I long for those days. I miss the sparkle. I miss the sparkle and the freedom I didn't even realize I had. But now it's gone.
Is there a way to find sparkle once you grow up? Is that what growing up is? Losing sparkle?
I miss the sparkle.
Wow. A masterclass in how to capture emotion in a six minute crystal. It sums up so compleatly how I have been feeling lately. Thank you for writing it, and good luck with the novel.
When I lived in New York I admired how casually my roommate approached beer. If he wanted one with dinner, he had one. Or with breakfast.
But when I finally reached the same point living in Korea, putting leftover beers into the fridge, I realized, if this is adulthood, two beers in the fridge is a small consolation.
You've captured that same emotion with your story.
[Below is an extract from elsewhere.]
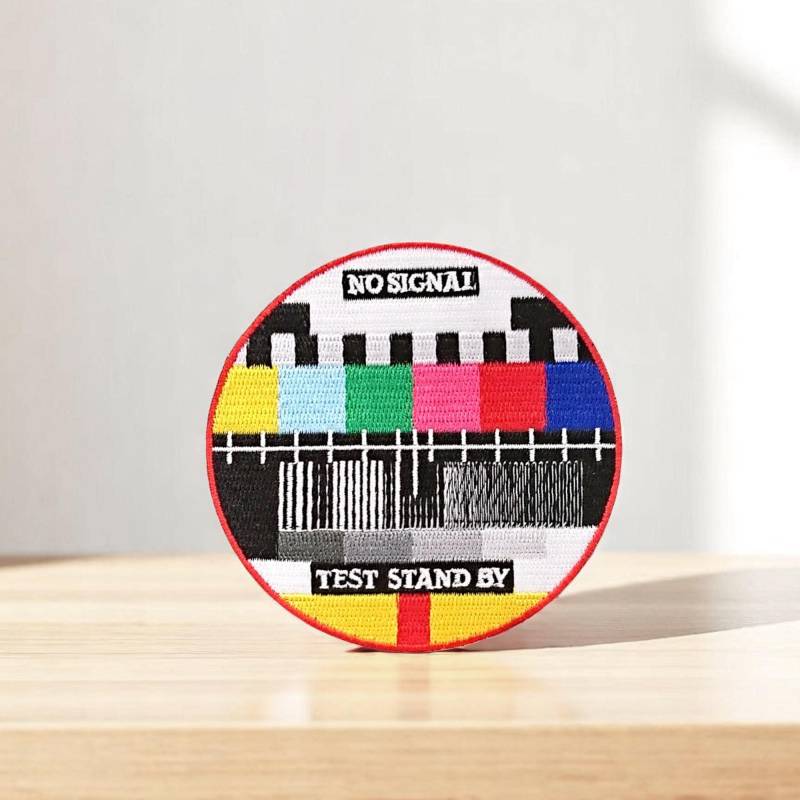 Gestickter Retro Tv Patch - No Signal Aufnäher 80Er Jahre Rund 7, 5 cm Bunt Gestickter Retro Tv Patch - No Signal Aufnäher 80Er Jahre Rund 7, 5 cm Bunt von SaperlipopetteByLena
Sad, but well done. :) And welcome to Six Minute Story. We're glad you're here.
Thanks :)
I actually wound up here because my friend and I have self-imposed weekly microfiction (≤150 word stories) deadlines, and I was drawing a blank. Google led me your way. I like the idea though, so I may stick around.
Thanks :)
I hope you do return again, to write again. Do you post your writing challenges anywhere? I'd love to read them. (And your friend's as well.)
The recent stuff hasn't been posted, no, but I do post some of my writing on scribophile.com and writing.com (same screen name). Also, I've just started work on my first novel. I have a lot of flash and micro fiction lying around though that I haven't gotten much feedback on (including the most recent stuff).